### [SOURCE INFORMATION]
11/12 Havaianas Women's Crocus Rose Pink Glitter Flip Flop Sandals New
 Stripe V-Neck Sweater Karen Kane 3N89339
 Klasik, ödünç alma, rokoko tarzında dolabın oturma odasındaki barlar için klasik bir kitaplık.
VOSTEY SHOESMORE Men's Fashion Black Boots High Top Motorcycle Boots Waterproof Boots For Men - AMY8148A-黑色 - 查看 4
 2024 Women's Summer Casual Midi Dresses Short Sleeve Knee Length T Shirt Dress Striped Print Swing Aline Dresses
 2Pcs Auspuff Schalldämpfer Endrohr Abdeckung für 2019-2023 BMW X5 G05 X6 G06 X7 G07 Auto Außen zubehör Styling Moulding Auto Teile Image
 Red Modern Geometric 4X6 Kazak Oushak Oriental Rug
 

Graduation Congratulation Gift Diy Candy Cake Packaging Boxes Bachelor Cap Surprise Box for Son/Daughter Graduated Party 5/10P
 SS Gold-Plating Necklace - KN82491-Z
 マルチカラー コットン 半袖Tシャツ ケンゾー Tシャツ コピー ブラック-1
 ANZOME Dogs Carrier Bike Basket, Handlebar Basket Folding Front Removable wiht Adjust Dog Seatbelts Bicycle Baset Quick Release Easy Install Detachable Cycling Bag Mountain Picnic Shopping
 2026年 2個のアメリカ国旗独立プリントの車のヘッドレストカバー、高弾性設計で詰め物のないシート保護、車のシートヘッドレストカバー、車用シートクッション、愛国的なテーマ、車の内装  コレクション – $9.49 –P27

### [ASSIGNED TASK]
In the entries, find the line containing "ANZOME Dogs Carrier" and output it and all remaining lines exactly.

### [EXPECTED ANSWER]
 ANZOME Dogs Carrier Bike Basket, Handlebar Basket Folding Front Removable wiht Adjust Dog Seatbelts Bicycle Baset Quick Release Easy Install Detachable Cycling Bag Mountain Picnic Shopping
 2026年 2個のアメリカ国旗独立プリントの車のヘッドレストカバー、高弾性設計で詰め物のないシート保護、車のシートヘッドレストカバー、車用シートクッション、愛国的なテーマ、車の内装  コレクション – $9.49 –P27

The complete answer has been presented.